You already saw logistic regression through the probabilistic lens (logit link) and learned to fit it via maximum likelihood. You also met regularization in regression land (Ridge, Lasso, Elastic Net). Now we combine those powers: regularized logistic regression. Same elegant probabilistic model; now with a leash on the parameters so they don't go wild and ruin generalization.


Why regularize logistic regression?

  • Because MLE loves to overfit. Maximum likelihood estimation maximizes the training log-likelihood. If you have lots of features, noisy predictors, or near-separable classes, MLE will happily inflate coefficients to fit noise.
  • Because coefficients can blow up in separation. When classes are (nearly) linearly separable, MLE may not converge — coefficients diverge to infinity. Regularization saves the optimizer and the model.
  • Because we want stable, generalizable decision boundaries. Regularization penalizes complex models and often improves out-of-sample performance.

Think of regularization as a responsible friend who says, "Maybe don’t let your coefficients go all-in on that suspicious-looking feature."

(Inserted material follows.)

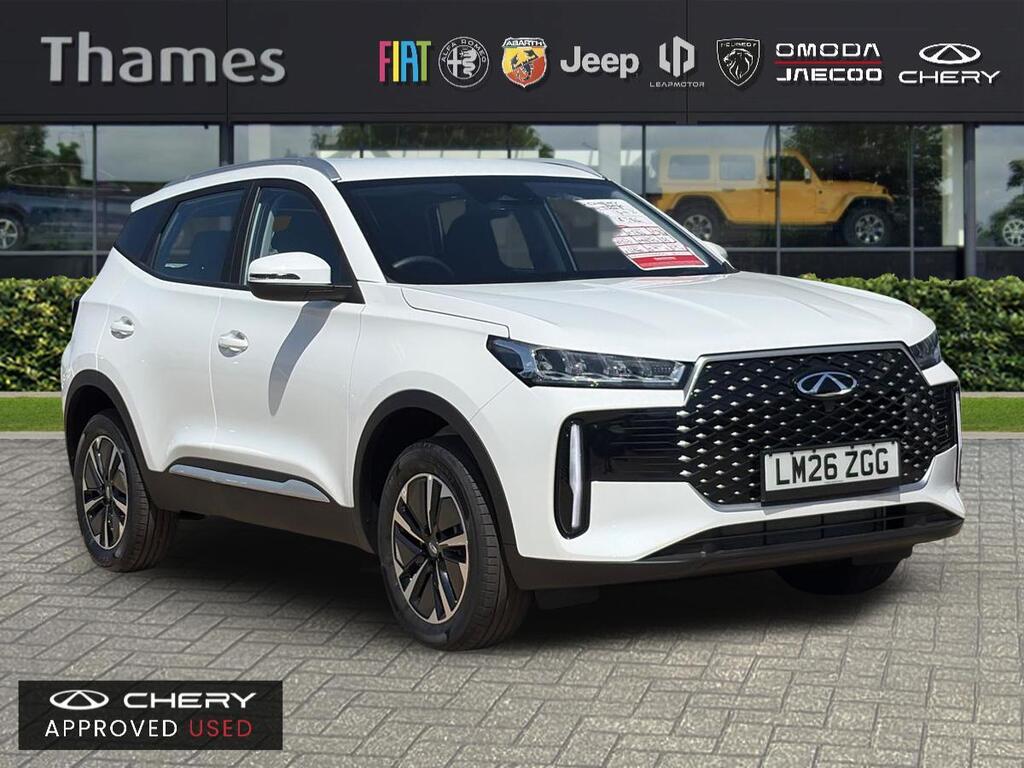 Chery Tiggo 4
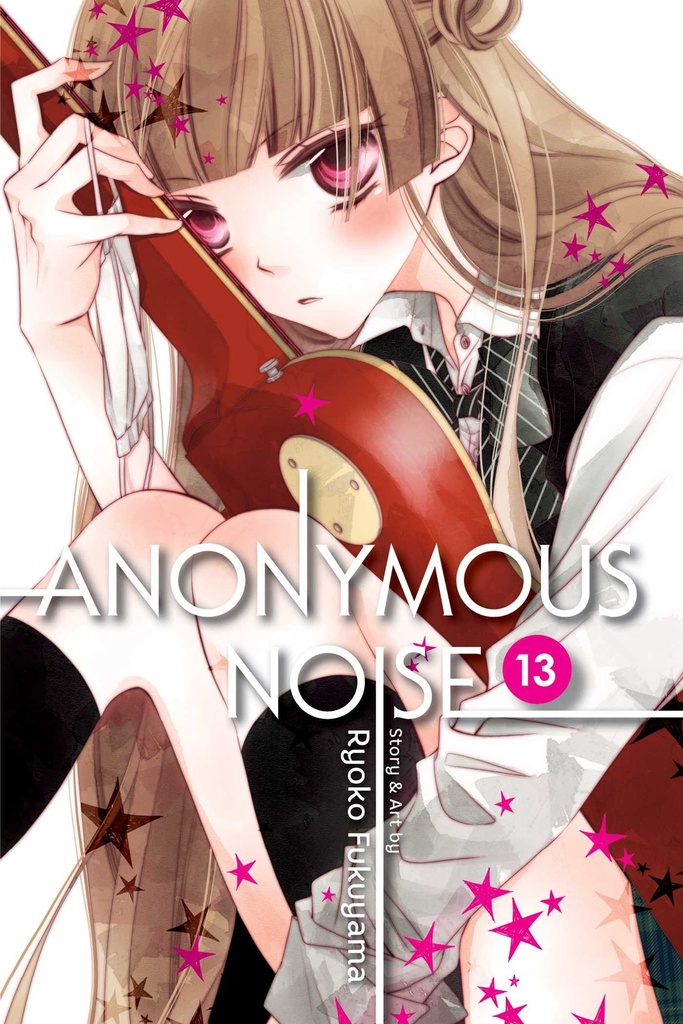 Anonymous Noise Vol 13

Formulations: Penalized likelihood and constrained view

Starting from negative log-likelihood (NLL) for logistic regression:

NLL(w) = - sum_{i=1}^n [ y_i log p(x_i) + (1-y_i) log(1-p(x_i)) ]
where p(x) = sigma(w^T x + b)

Penalized (regularized) objective — minimize:

J(w) = NLL(w) + lambda * R(w)

Common choices:

  • L2 (Ridge): R(w) = 1/2 * ||w||_2^2 => smooth shrinkage
  • L1 (Lasso): R(w) = ||w||_1 => sparsity, feature selection
  • Elastic Net: alpha*||w||_1 + (1-alpha)/2 * ||w||_2^2

Constrained view (equivalent under proper mapping): minimize NLL(w) subject to R(w) <= t. This perspective is useful to think of regularization strength as a budget on model complexity.


Bayesian interpretation (quick and delightful)

  • L2 penalty corresponds to a Gaussian prior on w (mean 0, variance proportional to 1/lambda). Intuition: we believe weights should be near zero, with normally distributed fluctuations.
  • L1 penalty corresponds to a Laplace (double-exponential) prior. Intuition: many weights should be exactly zero (sparse), but some may be large.

So regularization = inserting prior beliefs into the likelihood. Probabilistic people nod approvingly.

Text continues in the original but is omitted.